藤山:いわゆる「お客様のご要望に何でもお応えします」ですね。「自分からは提案しません」の言い換え(笑)。
鈴木:お客さんがしっかりした方ならそれでもいいわけ。今度はゴミ置き場のスペースをきちんととりたいとか、調理器具の収納場所を変えたいとか、いまのキッチンのダメなところが分析できている人は、きちんと意見が出る。でも、特に意見が出ない――出ないというより「出せない」お客さんは、工務店側もどうしてよいか分からないから、新しいキッチンをポン付けしてさっさと終わろうとする。
藤山:それでは根本的な部分は何も変わらない。
鈴木:ほぼ5年以内に元の状態に戻る。なかには、造付けの棚を提案したり、散らかっているキッチンがリビングから見えないようなプラン変更を提案したり、それなりに工夫している会社もあるけど……。
藤山:きっと、それだけではまだ不十分なんですよね。
鈴木:まだ足りないね。キッチンのポン付けリフォームが20点としたら、せいぜい50点くらい。
藤山:残りの50点は何でしょうか?
鈴木:「いかにお客さんの気持ちを盛り上げてあげられるか」。それができて初めて100点のリフォームになる。収納量が満たされるとか、使い勝手がよくなるとか、それらはあくまで低下した機能の回復であって、生活の質的向上にはほど遠い。飛距離が全然出ていない。

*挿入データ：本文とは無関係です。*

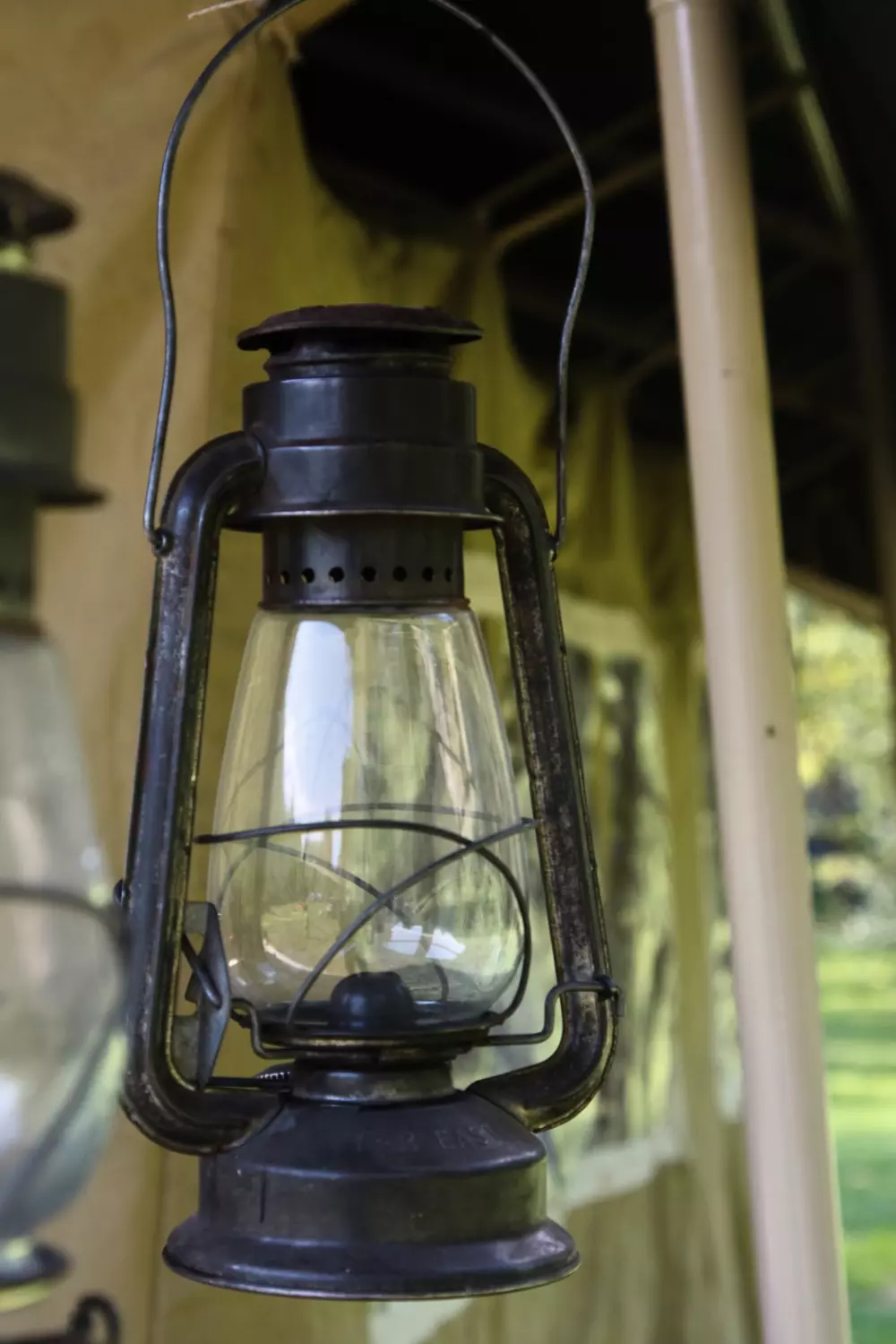 1-ouder camping Au Bord de l'Ourthe 2 étoiles★★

藤山:鈴木さんが普段「設計には気分アップの要素が重要」と言われている部分ですね。
鈴木:だって、奥様から「うちのキッチンにはもう立ちたくないんです」と言われるんだよ。
藤山:お客さんがですか?
鈴木:そう。キッチンに立ちたくないって。友達同士の普段の会話でも、キッチンに立ちたくないよねぇという話はよく出るらしい。
藤山:原因は何でしょう?
鈴木:暗いから。
藤山:ほう。窓がないとか?
鈴木:そうそう。機能的な不満が渦巻いているところに、追い打ちをかけるように「光が入らなくて薄暗い」という環境が重なると、「うわー、もうこんなキッチン立ちたくないぞー」って発狂する(笑)。